The Cincinnati Bengals have been practicing inside Paul Brown Stadium this week with crowd noise being pumped in to simulate the hostile environment they will be walking into Sunday in Kansas City.
Arrowhead Stadium, where the Chiefs are hosting the Bengals in the AFC Championship, is known as one of the loudest stadiums in the league, and the home crowd will be trying to make things difficult on Joe Burrow and the Cincinnati offense.
“It really starts with me getting the play in quickly so Joe’s got time to discuss in the huddle and make the adjustments at the line of scrimmage that we need,” Bengals coach Zac Taylor said on a conference call Thursday with local media. “We’ve played in really loud environments before. I know this will be a different situation, and with that brings a different ramp up of crowd noise. We’ve been in the stadium. We’ve used our stadium speakers.
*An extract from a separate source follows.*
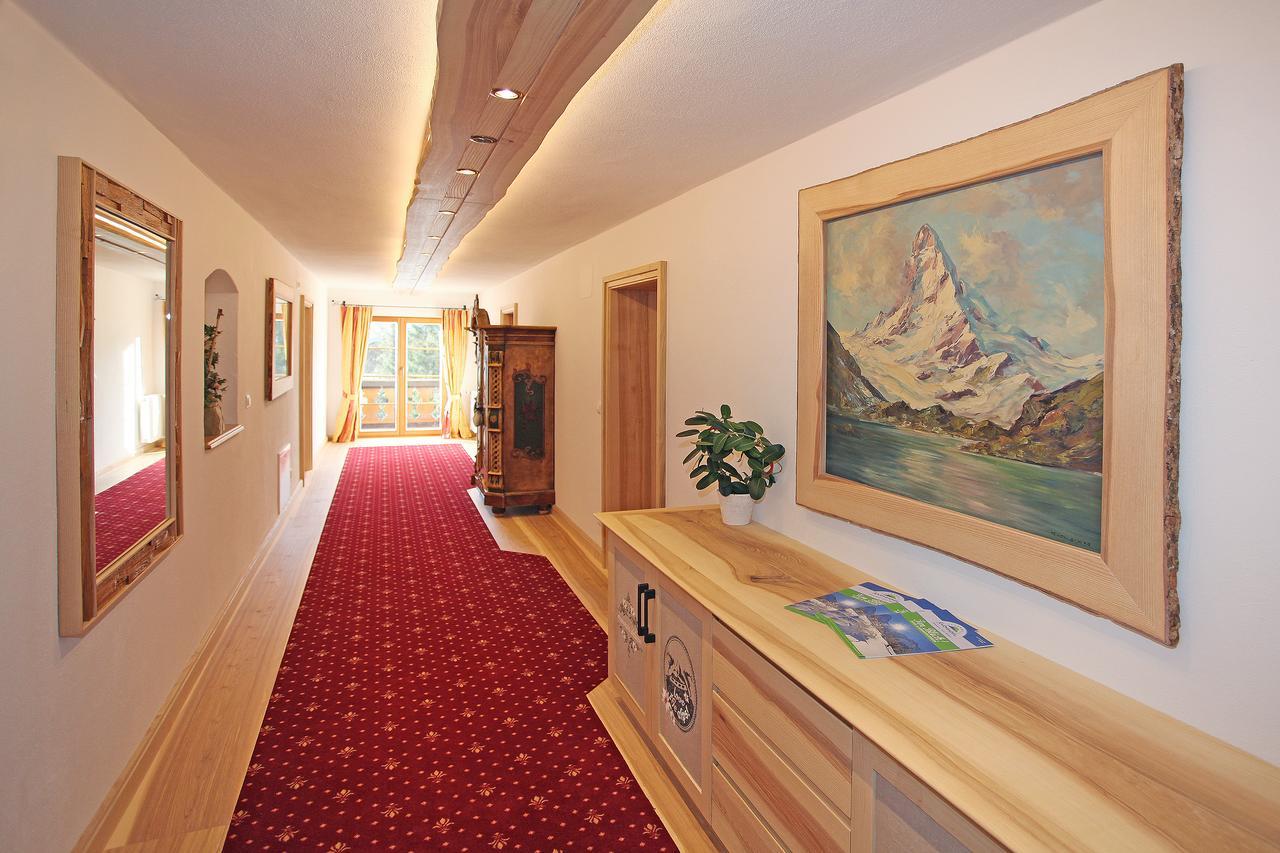 Hotel Alpenhof Krün Exterior foto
I think it’s been really effective and allowed us to get good quality work and stress our communication so that we’ll be ready on Sunday.”
Burrow said playing in the SEC in college prepared him for playing in hostile environments, though he noted on Sunday at Tennessee he doesn’t normally notice the crowd noise.
Communication, both verbal and non-verbal, will be key for the offense.
“At the end of the day we just got to be perfect with our hand signals, with the communication,” wide receiver Tyler Boyd said. W”e got to stay locked in and keep eyes on the quarterback and he’ll just get us in the right calls and we’ll know what we’re doing.”
Going up against a veteran coach
Chiefs coach Andy Reid will be going for his 20th playoff win as a head coach Sunday, while Taylor, in his third season, is going for No. 3.
Asked if Reid’s experience rattles him at all, Taylor acknowledged that Reid has an advantage having been in this situation before as the Chiefs are playing in their fourth straight AFC Championship. However, Taylor is still confident the Bengals will be well-prepared.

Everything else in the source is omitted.